Tensions rose during a meeting of the Lead-Impacted Communities Relocation Assistance Trust to a point that a Picher police officer had to step in and warn some residents to calm down.
“We didn’t ask for a tornado,” trust Secretary Jim Thompson said. “We’re not a disaster relief trust, and this disaster really confused the issue. … We’re trying to make it work.”
Earlier during the meeting, trust members voted to make 52 buyout offers, including 47 to property owners whose homes had been destroyed when the twister struck the fading lead and zinc mining town on May 10. The trust delayed action on 10 other offers, including those to eight tornado victims.
The trust is overseeing a $60 million buyout of the federal Tar Creek Superfund site, in which Picher is located.
Three days after the tornado, trust members moved tornado victims to the front of the line for buyout offers. Officials have said 114 homes in Picher were destroyed when the EF-4 tornado, packing winds estimated at 165 to 175 mph, slammed into the town, resulting in the deaths of seven people.
The goal then was to have buyout offers made to those who lost their homes by the June 16 meeting.

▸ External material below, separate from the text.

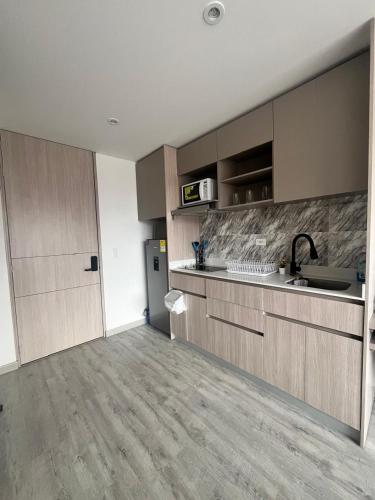 Modern studio apartment, comfortable, strategic location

Mark Osborn, the vice chairman of the trust, said that didn’t quite happen, but that the trust expects to have completed making those offers before its next meeting on June 30.
A contentious issue during the meeting was the trust’s assertion that those who received buyout offers would not also be able to receive money from private insurance for their destroyed homes.
J.D. Strong, the chief of staff for the office of the state Secretary of the Environment, said that under a new state law – passed after the tornado – storm-damaged homes would be assessed as if no tornado had occurred, allowing Picher residents to receive full buyout value. But he said another part of the law stipulated that any insurance proceeds a person might receive would have to be deducted from the trust’s buyout offer.
Strong said the region’s two state legislators – Rep. Larry Glenn, D-Miami, and Sen. Charles Wyrick, D-Fairland – pushed for the new law.
“We do not think people should be paid twice for any home,” Osborn, of Miami, said.
Resident John Clay, whose home was insured, told trust members the effect of that law was that people who did have insurance would lose the amount they had paid insurers in premiums, while uninsured homeowners would receive the full amount of the buyout offer.
“How can you take my insurance money and not pay the premiums on the insurance?” Clay said. “That’s unheard of!”
Another resident, Paul Sharbutt, asked trust members “why are you guys trying to squeeze everything you can out of the good people of Picher?”
At one point, when Thompson interrupted to answer a question posed by Clay, Clay told him to “shut up,” and when Thompson responded in a loud voice, the police officer issued his warning.
Osborn told Clay and other residents that the rule “is not going to change” and suggested they contact their state legislators about the new law.
“We’re not trying to screw people,” Osborn said. “We’re not out to take away anything from people … We have tried to do a good and decent thing here (with the buyout) … to allow people to start their lives over.”
The Superfund area is beset with mine collapses, open shafts, acid mine water that stains Tar Creek orange and mountains of lead-contaminated mine waste. Local children have tested high for dangerous levels of lead in their blood.
Once a thriving hub of 20,000 people, Picher’s population had dwindled to about 800 in recent years as residents accepted state and federal government buyouts and moved elsewhere.
A status report issued June 16 by the trust indicated that it has made 359 buyout offers, 335 of which have been accepted.
Nine offers have been rejected. The latter number had been 11, but two tornado victims who had previously rejected the trust’s offer changed their minds.